The present invention relates generally to the abatement of contaminant laden industrial process emissions and more particularly, to a system which utilizes a regenerative catalytic oxidizer (RCO) to perform the abatement process.
Regenerative catalytic oxidizers recover and transfer heat remaining in the cleansed exhaust gas to emissions entering the oxidizer thereby minimizing the amount of supplemental energy required to raise the emission to its ignition temperature. Characteristically, flow control valves are used to direct the emissions to one or more regenerators for preheating prior to thermal or catalytic oxidation.
Industrial process emissions typically contain particulates and major gaseous air pollutants such as volatile organic compounds (VOCs), nitrogen oxides (NO.sub.x) and carbon monoxide (CO), all of which contaminate the environment when vented to the atmosphere.

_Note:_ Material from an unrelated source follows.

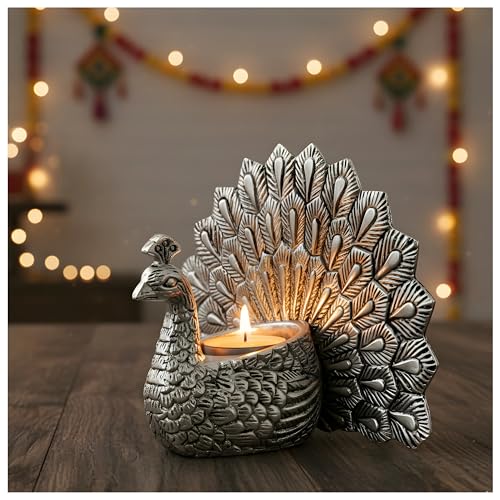Image of Silver Plated Peacock Idol for Vastu and Home Decor | Divine Vastu Showpiece for Home & Gifting | 999 Silver Plated Decorative Idol | Auspicious Vastu Gift for Home, Weddings & Engagements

Regenerative catalytic oxidizers (RCO) utilize a catalytic material to effect oxidation of the VoCs and CO at lower peak temperatures than, for example, treatment by thermal oxidation. The catalytic material is located in the higher temperature zones of the RCO, adjacent to a combustion chamber wherein a burner or supplementary heat source is used to heat the catalyst. An RCO also utilizes heat storage media, usually located in the lower temperature zones at the gas entrance and exit ports, thereby facilitating fluid heat transfer as the heated gas is passed through.

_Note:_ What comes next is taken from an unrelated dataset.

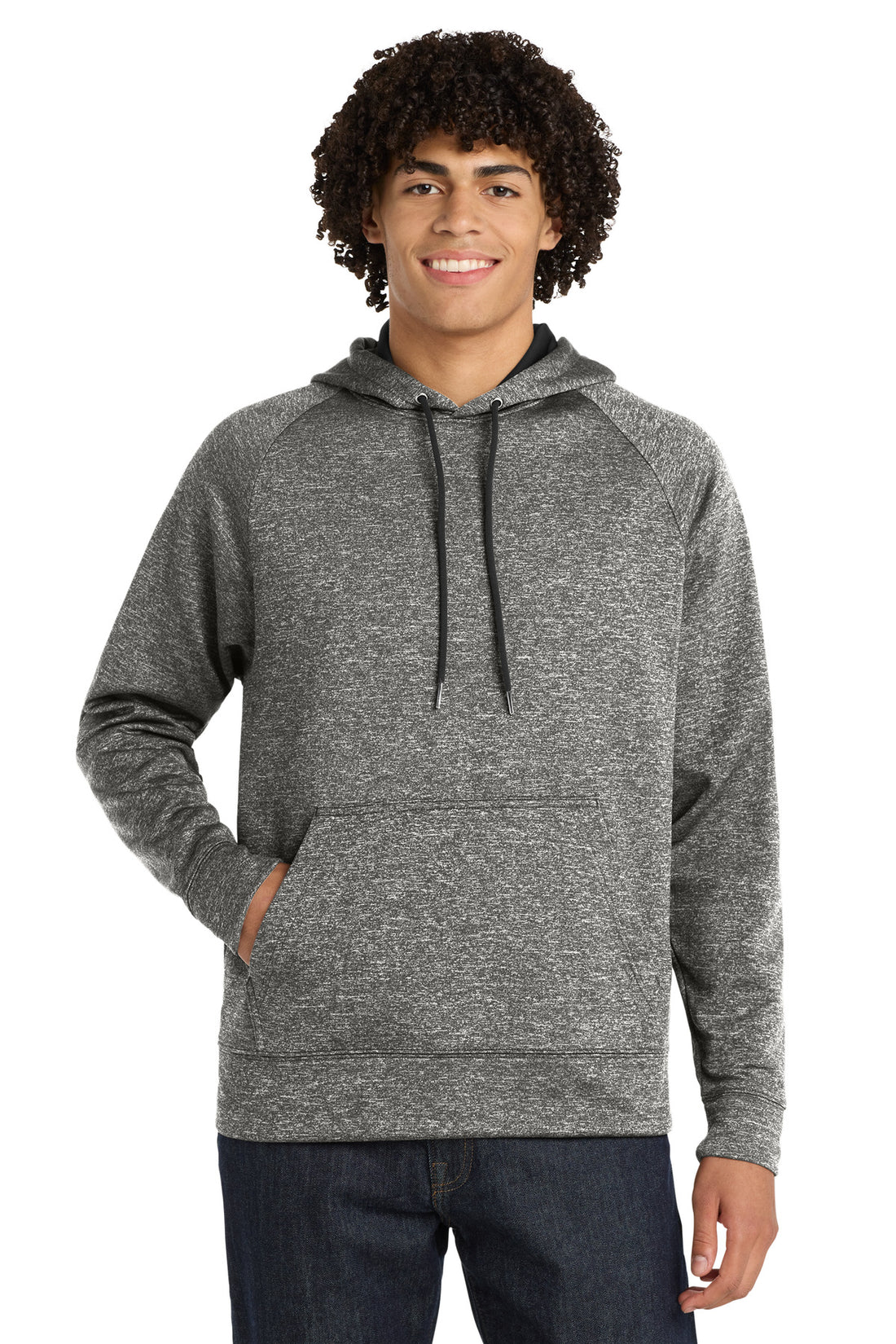 Sport-Tek® PosiCharge® Electric Heather Fleece Hooded Pullover. ST225 - Black Electric - 2XL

The system typically consists of multiple beds of heat storage and catalyst materials. These beds are connected to a common chamber where a heater, such as a burner, is utilized to heat the gas to the desired operating temperature, normally in the range of 600.degree. F. (.apprxeq.315.degree. C.) to 1000.degree. F. (.apprxeq.540.degree. C.), thereby effecting catalytic conversion of the VOCs, and CO, and producing water and CO.sub.2.

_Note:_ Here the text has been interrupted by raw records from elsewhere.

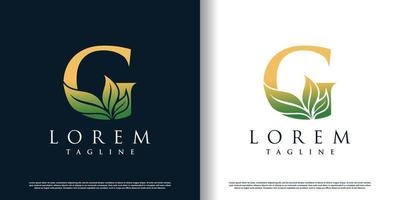 initial g logo design template with leaf icon and creative concept premium vector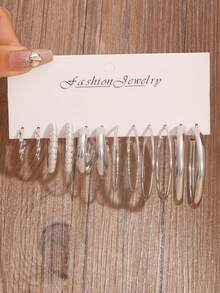 12-24pcs Set Elegant Metal Hypoallergenic Layered Earrings For Women, Minimalist Geometric, Oversized Hoops, Faux Pearl Design, Suitable For Daily Wear And Parties - Silver - View 3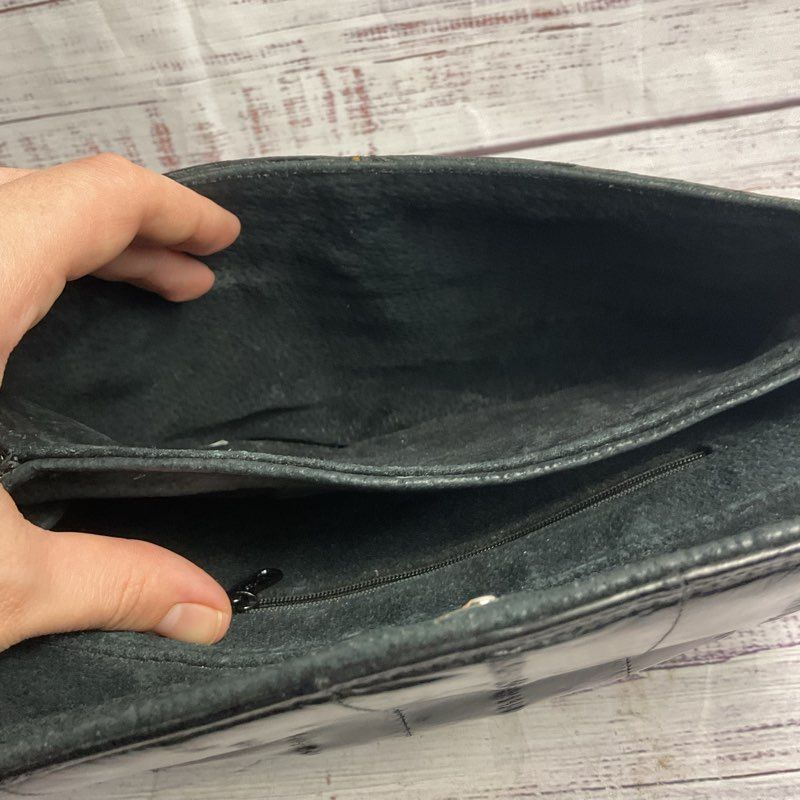 Vintage Genuine Black Eel Skin Clutch Purse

As the catalyst becomes aged due to repeated reaction of gases, the exhausted catalyst must either be regenerated or be replaced. Shape is critical when considered in a maintenance context. If regenerative cleaning is a design consideration, random catalysts such as spherical or saddle shaped catalytic particles are preferred. The commonly designed honeycomb configuration is not readily regenerated by water or other cleaning agents given the entrainment of these fluids due to blockages within the catalytic bed.
RCOs generally utilize a vertical orientation of components resulting in vertical flow in and out of the reactor. Such vertical orientation is less than desirable for several reasons. Due to channeling and inefficient utility related to a vertical emission flow regime, a vertically orientated RCO must be significantly sized per cubic foot of process emissions treated. In addition, because the catalyst is generally disposed immediately above the heat media, percolation of the catalytic material through the heat media can cause blockages and inefficient heat exchange within the heat exchange bed. Furthermore, again due to possible heat media contamination, the vertical design makes catalyst regeneration, or removal and replacement, difficult.